The blueprint that was used a few seasons ago started and ended with the success of the running game. DeMarco Murray was used heavily and had 392 rushing attempts for 1845 rushing yards and scored 13 rushing touchdowns. Murray also had 57 receptions for 416 receiving yards.
Tony Romo also enjoyed one of the best years of his career because of the 2014 blueprint. He had the best completion percentage of his career (69.9) and passer rating (113.2). Romo also threw for 3705 passing yards, 34 touchdowns, and just nine interceptions. He might have benefited from a strong rushing attack more than anybody, but you could make an argument that Dez Bryant benefited just as much.
16 touchdowns!? Are you kidding? That is an incredible number for any receiver and I think it can all be attributed to the blueprint I keep mentioning.
A strong running game is the key ingredient for this blueprint to work and probably the main reason why the Cowboys decided to draft Ezekiel Elliott fourth overall. It wouldn't surprise me at all if Elliott is heavily utilized in his rookie season, with the hope of re-creating the blueprint that worked so well in 2014.
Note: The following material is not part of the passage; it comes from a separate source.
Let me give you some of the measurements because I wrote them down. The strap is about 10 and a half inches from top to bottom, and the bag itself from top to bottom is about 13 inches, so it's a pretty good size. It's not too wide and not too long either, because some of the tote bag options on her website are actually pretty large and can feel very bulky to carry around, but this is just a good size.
In fact, I personally think that 1400 rushing yards and double-digit touchdowns from Elliott wouldn't be an unreasonable task for him to complete in his rookie season. I mean, Darren McFadden rushed for over 1000 yards despite not being the starter until later in the season and Elliott is a much better fit for the zone blocking scheme than McFadden could ever dream of being.
The blueprint used in 2014 is really similar to what the Dallas Cowboys used back in the early 90s when they last hoisted the Lombardi trophy. It actually makes a lot of sense that this is the way head coach Jason Garrett wants his team to emulate that early 1990s Cowboys team, especially considering Garrett was front row and center during that time as Troy Aikman's backup QB.
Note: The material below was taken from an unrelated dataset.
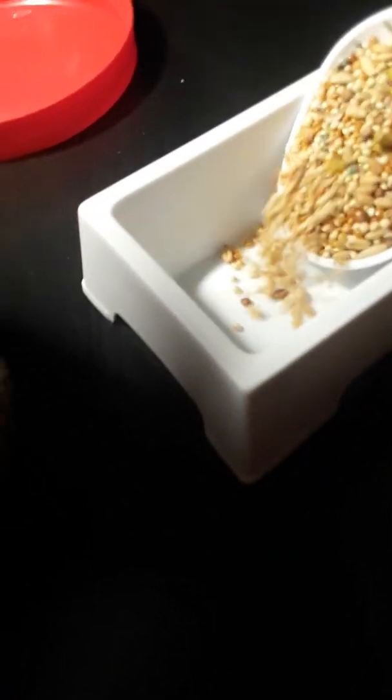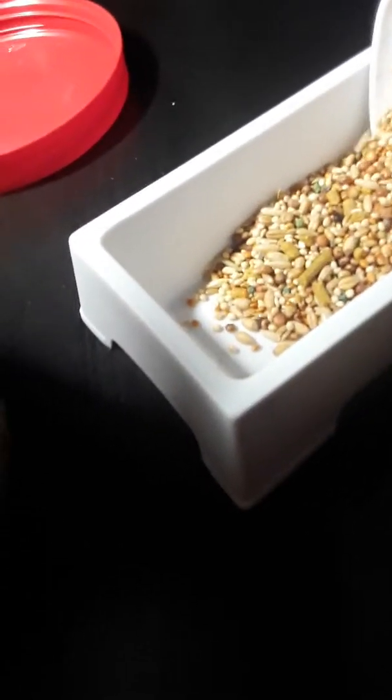So you gotta take a scoop and put it in — whatever. Let's get some more. I guess one more scoop will do.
The offense is going to commit to the running game and use play action to improve the passing game. It really puts opposing defenses in a bind because they have to make sure they are covering the entire field and not committing an extra defender in the box to stop the running game.
This blueprint also helps out the Cowboys defense because the offense will be able to control the clock, which in turn should help the defense by allowing them more rest in between defensive series. The fact that the 2015 defense performed admirably despite very little help from the offense, should give fans hope that they can do just as well in 2016.
Of course, all of this really depends on whether or not Ezekiel Elliott is the type of running back that we all believe he is and whether or not Tony Romo and Dez Bryant can return 100% healthy and stay that way throughout the 2016 season.
So, do you think the Cowboys will be closer to 12-4 if they return to the 2014 blueprint that worked so well for them or 4-12?
Personally, I have them finishing closer to 12-4 in 2016 and think they finish the season with a 10-6 record and winning the NFC East division.